_Given data_
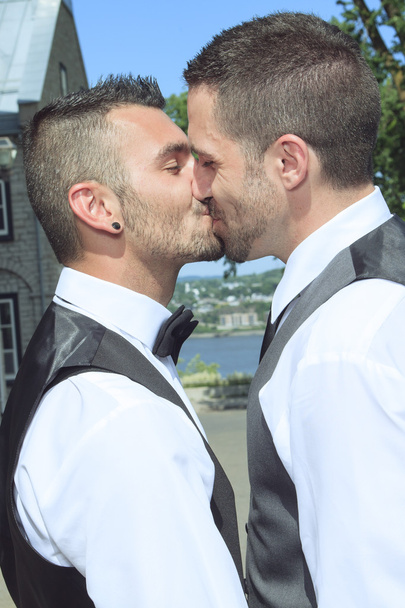 loving gay male couple on their wedding day. - Фото, изображение
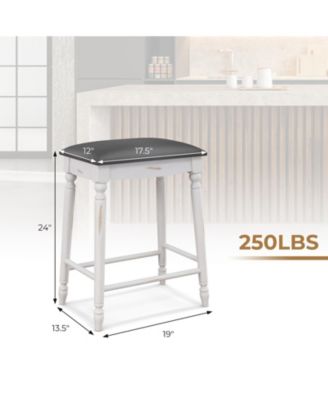 24 inch Bar Stool Set of 2 with Padded Seat Cushions and Wood Legs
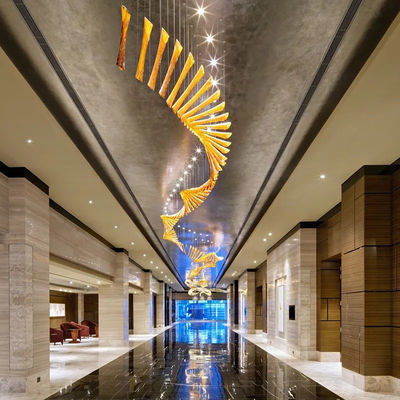 LED Hollow Glass Chandelier For Hotel Villa Market Club Loft And Stairs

_Task goal_
Exclude the images and reproduce the remaining data exactly.

_Exercise result_
 loving gay male couple on their wedding day. - Фото, изображение
 24 inch Bar Stool Set of 2 with Padded Seat Cushions and Wood Legs
 LED Hollow Glass Chandelier For Hotel Villa Market Club Loft And Stairs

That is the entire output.